Dopiero nocą jak na zewnątrz spadnie do 20 a w środku jest 23 - wtedy ma to
sens - ale po co skoro wentylacja działa, a przy okazji nie wpuszcza much i
komarów :-)
> A ile jest w ciagu roku dni, kiedy na zewnatrz jest przyjemne 16-24stC? :)
> Mysle, ze tych drugich jest kilkadziesiat, a tych pierwszych moze kilka.
33 kilka, ale jak pisałem dolicz 32, 31...

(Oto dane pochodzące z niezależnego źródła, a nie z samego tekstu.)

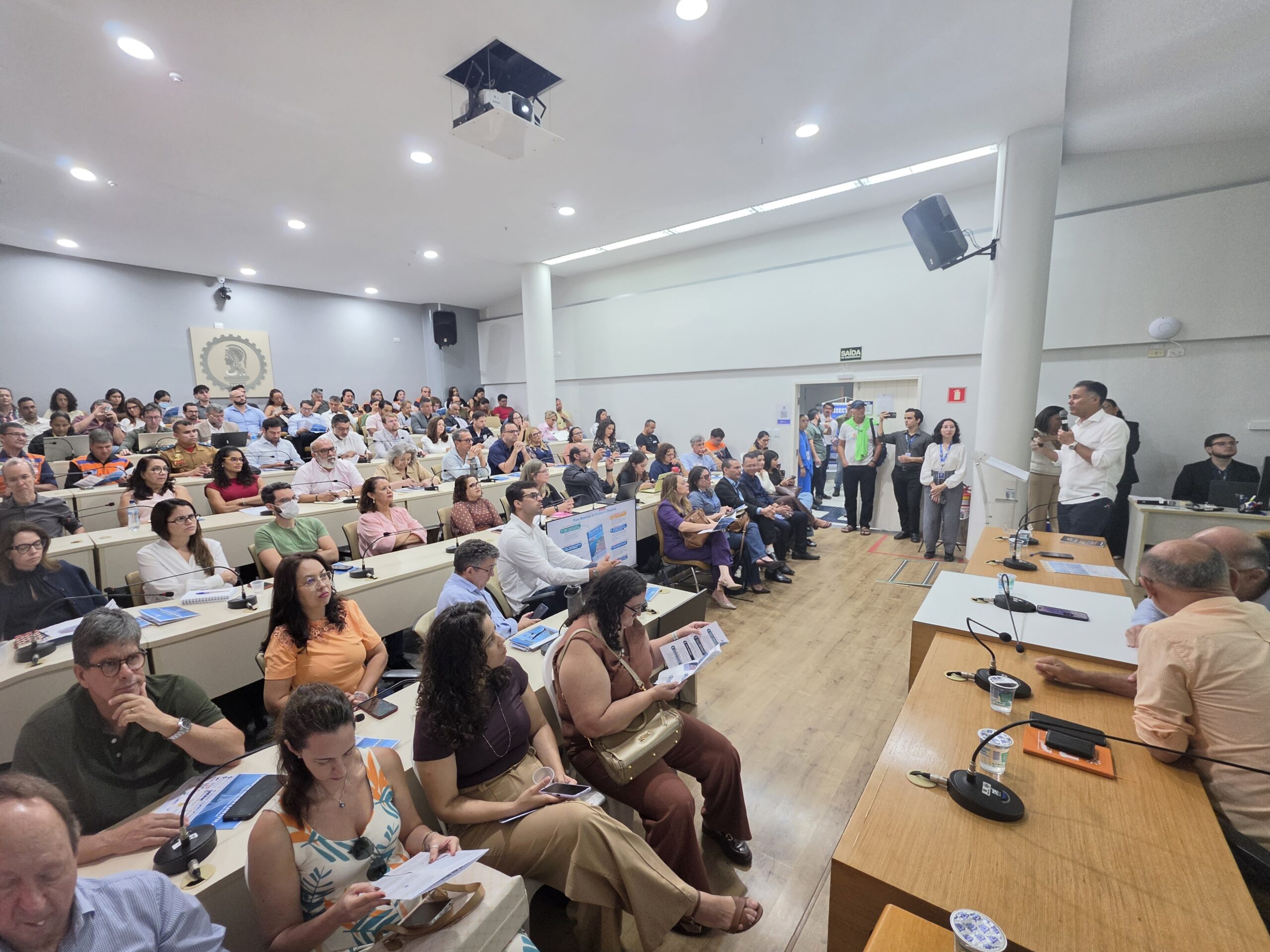 Prefeitura apresenta ações de monitoramento e adaptação climática em workshop em Natal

> Majac za oknem las chce sie sluchac cwierkania ptaszysk, szumu lisci i
> powiewu swiezego powietrza (zaden reku tego nie da). Zamykanie sie fiksem
> na to wszystko jest glupota :)
Mam za oknem łąkę i las a mimo to okien nie otwieram tylko po prostu
wychodzę do ogrodu.
Owszem miło wspominam czasy gdy budził mnie śpiew ptaków i jakby mi ktoś
otwierał okno o 4 nad ranem to bym nie zaprotestował ale samemu wstawać by
to robić i iść spać dalej? Bez sensu :-)
A zasypianie przy otwartym oknie by wpuszczać ćmy i komary (muchy już chyba
o tej porze nie) tym bardziej bez sensu :-)

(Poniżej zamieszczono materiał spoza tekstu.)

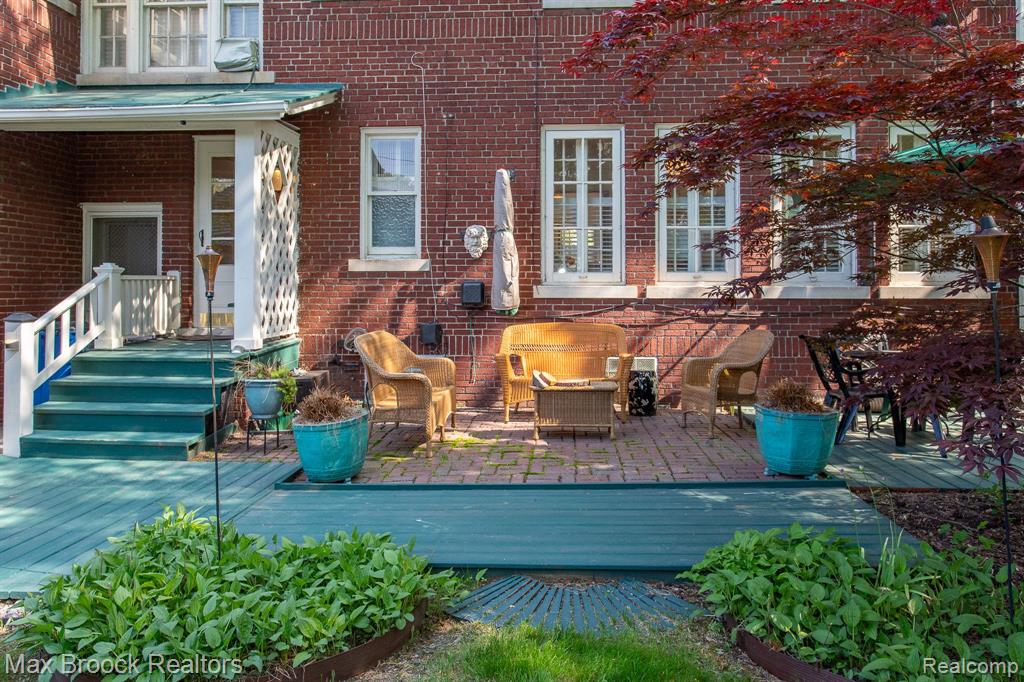 736 CHICAGO Boulevard, Detroit, MI 48202 — Photo 81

Mieszkam już kilka lat. Poza myciem okien w sypialni i kuchni nie otworzyłem
ani razu. Okno na piętrze od ulicy kilka/kilkanaście razy by powiesić/zdjąć
flagę, ono na piętrze od ogrodu/lasu kilka razy - gdy fotografowałem ptaki.
Okien w salonie nie otworzyłem ani razu. Drzwi tarasowe otwieram wiele razy
dziennie - choćby po to by wołać dzieci na obiad - nie zostawiam ich ciągle
otwartych ze względu na wpadające ciepło i owady.

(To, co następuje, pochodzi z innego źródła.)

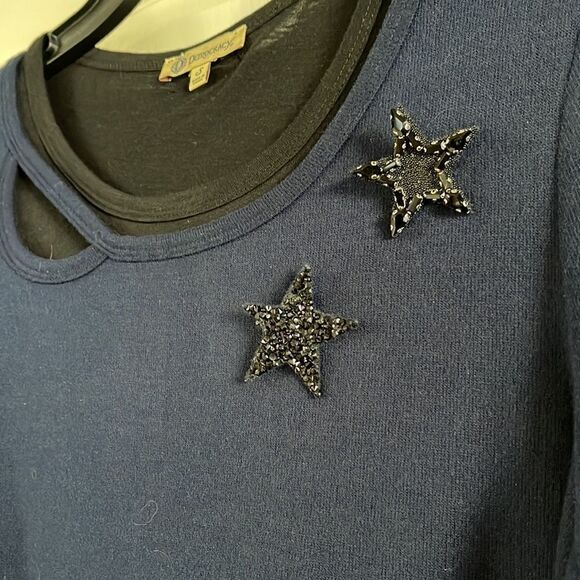 TIE Back Split top Cut Put Neck Top 2 embellished removable accent stars  NWT - Picture 14 of 14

Pozostałe to dachowe - otwierane do fotografowania ptaków, obserwacji gwiazd
i... sztucznych ogni na sylwestra.
No ale ja w domu przed telewizorem nie siedzę - większość czasu spędzam w
ogrodzie więc ptaszków się nasłucham :-)
Pozdrawiam
Ergie
-
52. Data: 2015-07-27 13:54:52
Temat: Re: Myjka do okien
Od: Myjk <m...@n...op.pl>
Mon, 27 Jul 2015 12:09:25 +0200, Ergie
>> Jakoś przesadnie demonizujesz fixy na piętrze.
> Po prostu nie chce mi się ich myć. Otwierane myje żona,
> a fixy musiałbym ja bo ona ma lęk wysokości i na drabinę
> ani rusztowanie nie wejdzie.
Moja żona śmiga po drabinie, dachach, drzewach, itp. ;))
Tylko wody bez gruntu się boi. ;P
>> ew. myć je ze środka.
> O to, to :-)
Więc umycie dwóch okien z drabiny nie jest z kolei dla mnie czy żony żadnym
problemem.
> Nie rozumiem - martwisz się o brudzenie się rolet od środka
> i jednocześnie nie martwisz o brudzenie okien?
> Jeśli one się tam wyjątkowo mało brudzą to tym bardziej
> rolety od środka się mało brudzą.
Nie martwię się o brudzenie okien, bo okna się jednak bez większego
problemu umyje. Poza tym, skoro okna są zasłonięte roletami (m.in. pewnie
codziennie na noc za sprawą automatyki), to siłą rzeczy mniej się okna
brudzą -- za to brudzą się rolety. Czy akurat od środka, to właśnie dla
mnie zagadka.
--
Pozdor
Myjk
-
53. Data: 2015-07-27 13:57:42
Temat: Re: Myjka do okien
Od: Myjk <m...@n...op.pl>
Mon, 27 Jul 2015 12:38:14 +0200, Pete
> Nie każdy mieszka w leśniczówce. :P
Nie każdy też lubi świergot ptaszysk oraz innych dziennych i nocnych syfów
w domu. Mieszkam obecnie w lesie i mnie zwyczjanie irytuje poranny koncert
ptaszysk gdy chcę jeszcze się wyspać (nie pomnę, że sąsiad z uwielbieniem,
jako zamiennik psów, hoduje pawie i... kury). Tak samo wcale mnie nie bawią
brzęczące nad uchem komary wlatające oknami (a moskitiery to z przumusu mam
właśnie w obecnym domu i wcale mnie to nie cieszy), muchy czy ćmy walące
gdzieś po ścianach. Lubię ciszę, zwyczajnie.